What’s it like to have fans all over the world? I see The Warning Spain and The Warning Argentina pages on social media. How do you try to stay close and engage with them? 

PAULINA: I feel like the connection that we have with our fans is very unique. We started out with the support because of the covers, but then people stuck around because of our music. We were really young as well, so we grew up with them. Having the support has been really meaningful for us.

DANIELA: I think a lot of the community grew because we started our own Patreon page, and that’s where a lot of our fans started meeting each other, becoming friends, even though they don’t know each other in real life. We engaged a lot on that platform to know each and every one of them.

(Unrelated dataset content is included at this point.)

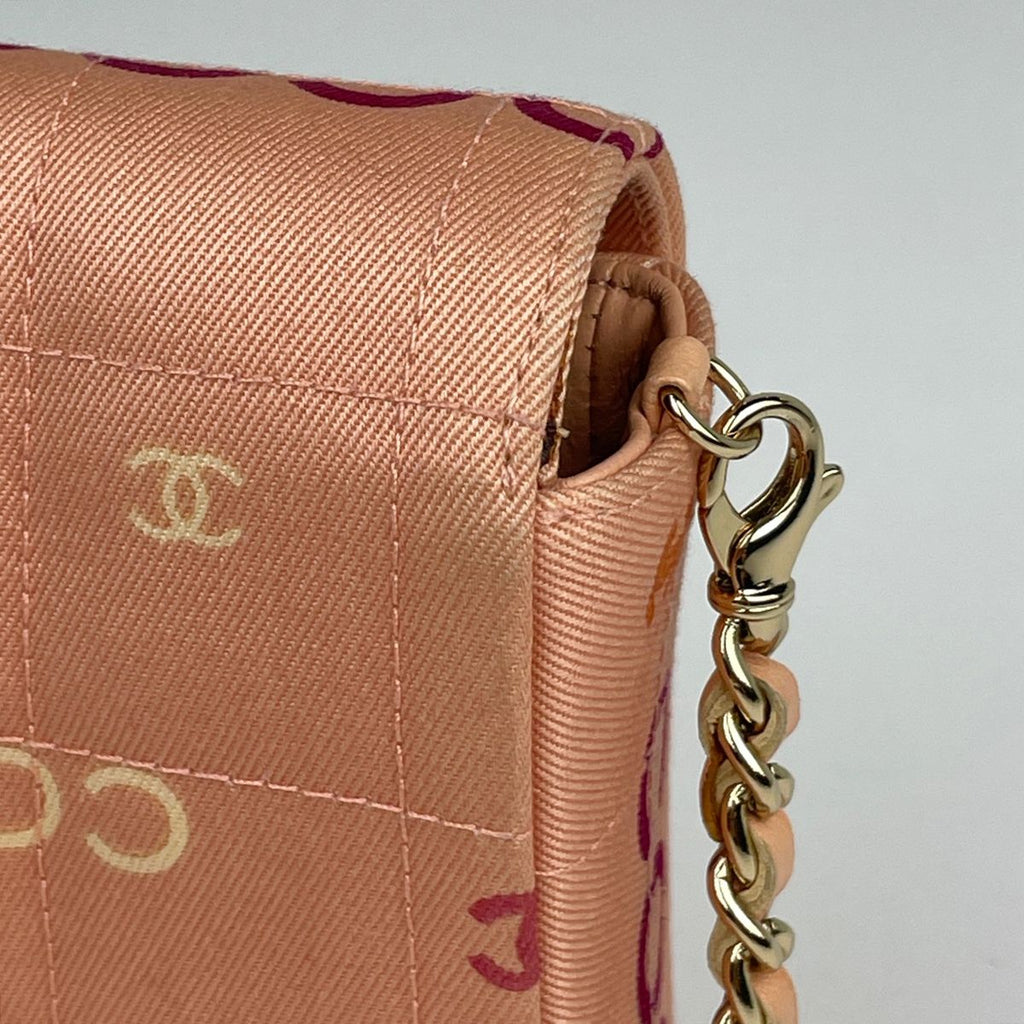 Chanel Shoulder Bag Choco Bar CC Logo Canvas Pink — view 5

PAULINA: We’ve had these very big shows in Mexico and people travel from all over the … When I say all over the world, I mean it. People from Europe, from the U.S., from Canada, from South America just come to Mexico for one of our shows. They meet each other for the first time, but they’re already best friends.

What’s coming soon that you’re most excited about? 

PAULINA: Later this month, we’re headlining two shows at Teatro Metropólitan in Mexico City. It’s just so exciting. We play Rock al Parque in Colombia in November, which is the biggest rock festival in Latin America.

DANIELA: And we’re going to play Louder Than Life [festival in Louisville in September] and Aftershock [festival in Sacramento in October].

Last thing: I know you all started your musical journey playing Rock Band and later got one of your songs into the game. Do you still go back and play, or is it strictly real instruments now?  

PAULINA: It’s only real instruments now.